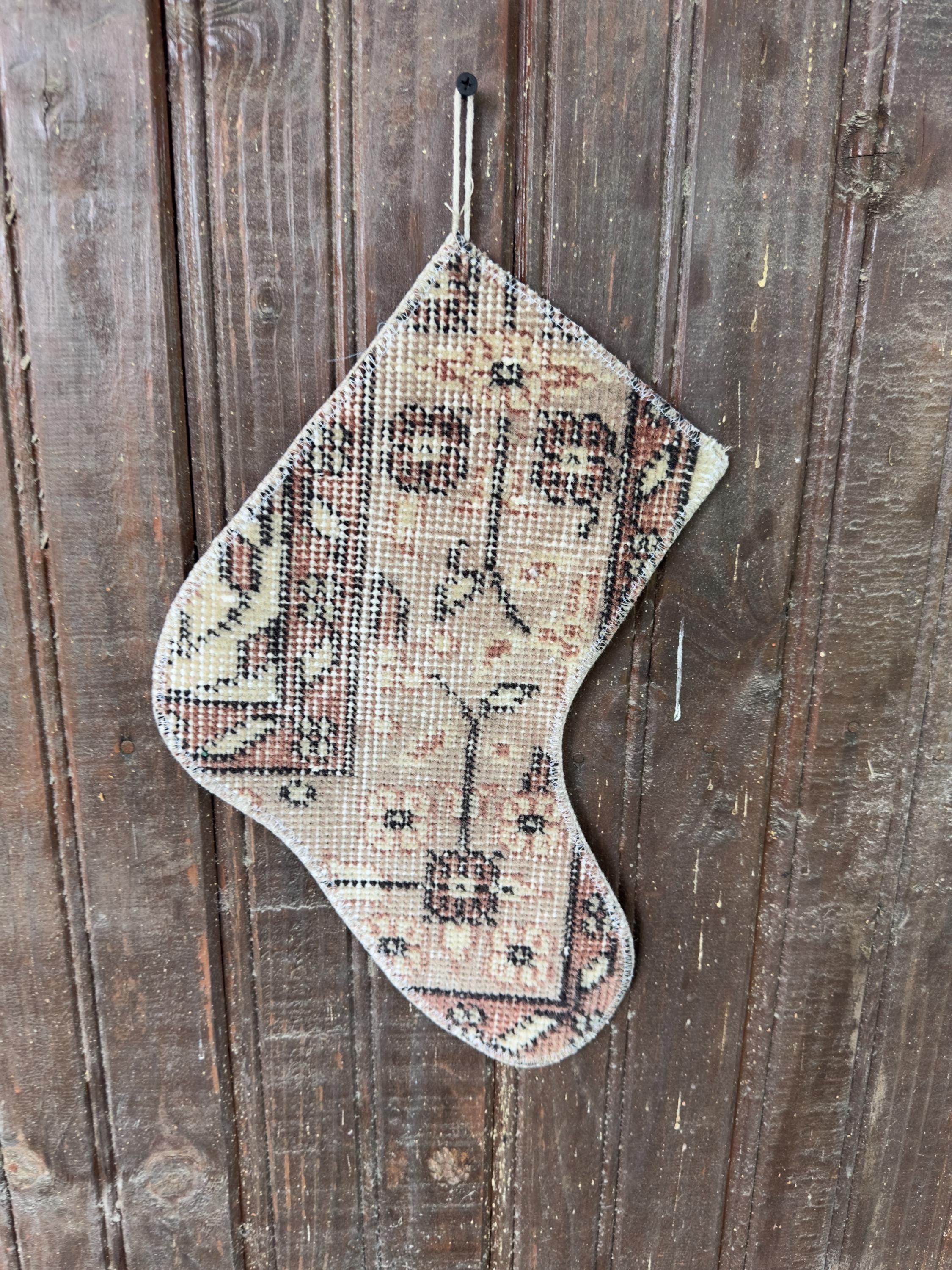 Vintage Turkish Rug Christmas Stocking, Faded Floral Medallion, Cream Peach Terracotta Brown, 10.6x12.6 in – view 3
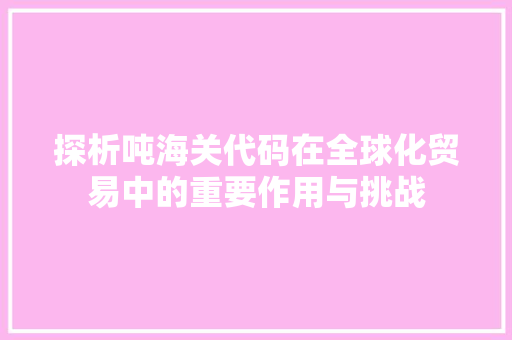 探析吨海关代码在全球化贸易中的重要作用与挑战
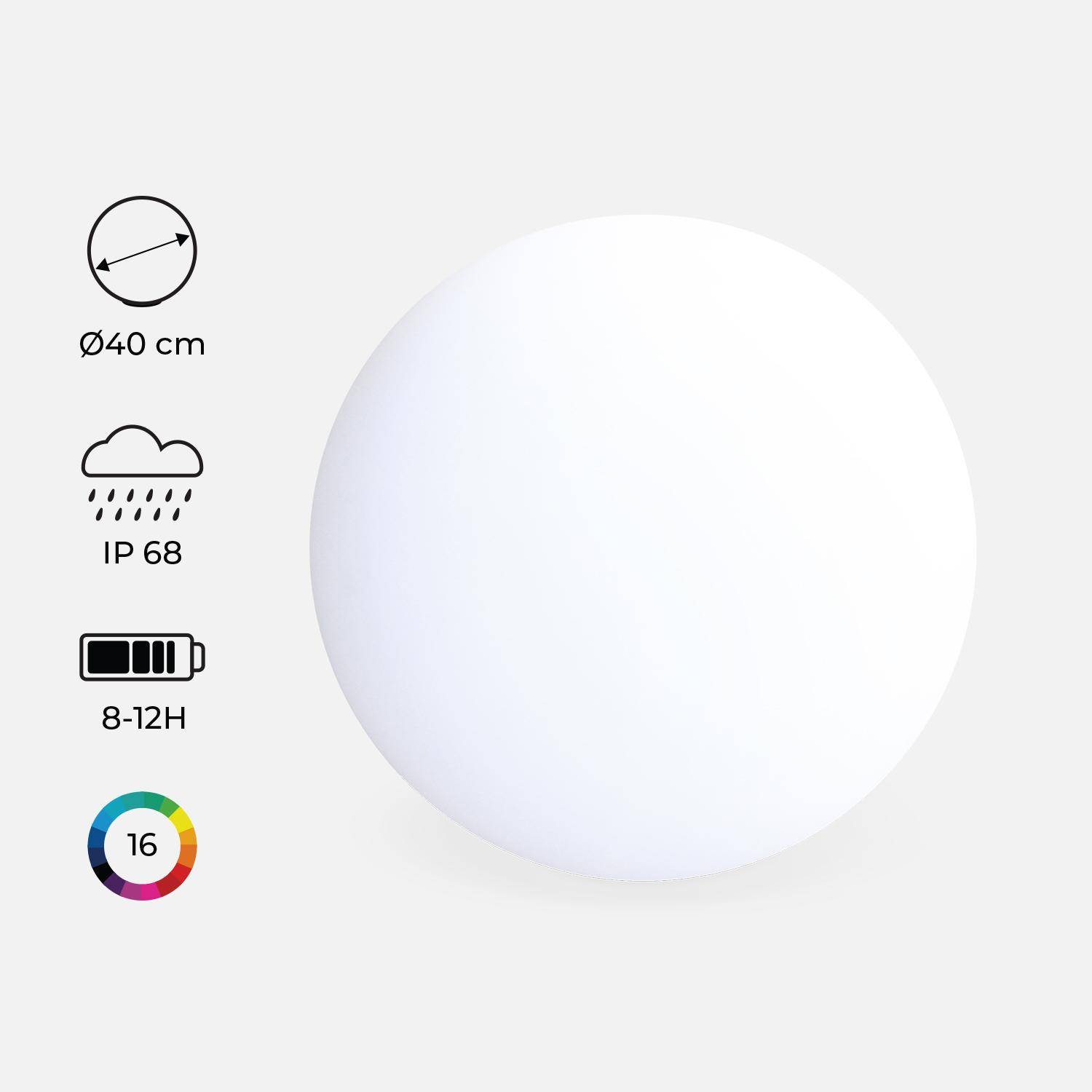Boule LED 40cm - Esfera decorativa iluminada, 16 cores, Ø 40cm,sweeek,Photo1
============
Omit every picture while printing the data word for word.

# Written reply:
 Vintage Turkish Rug Christmas Stocking, Faded Floral Medallion, Cream Peach Terracotta Brown, 10.6x12.6 in – view 3
 探析吨海关代码在全球化贸易中的重要作用与挑战
Boule LED 40cm - Esfera decorativa iluminada, 16 cores, Ø 40cm,sweeek,Photo1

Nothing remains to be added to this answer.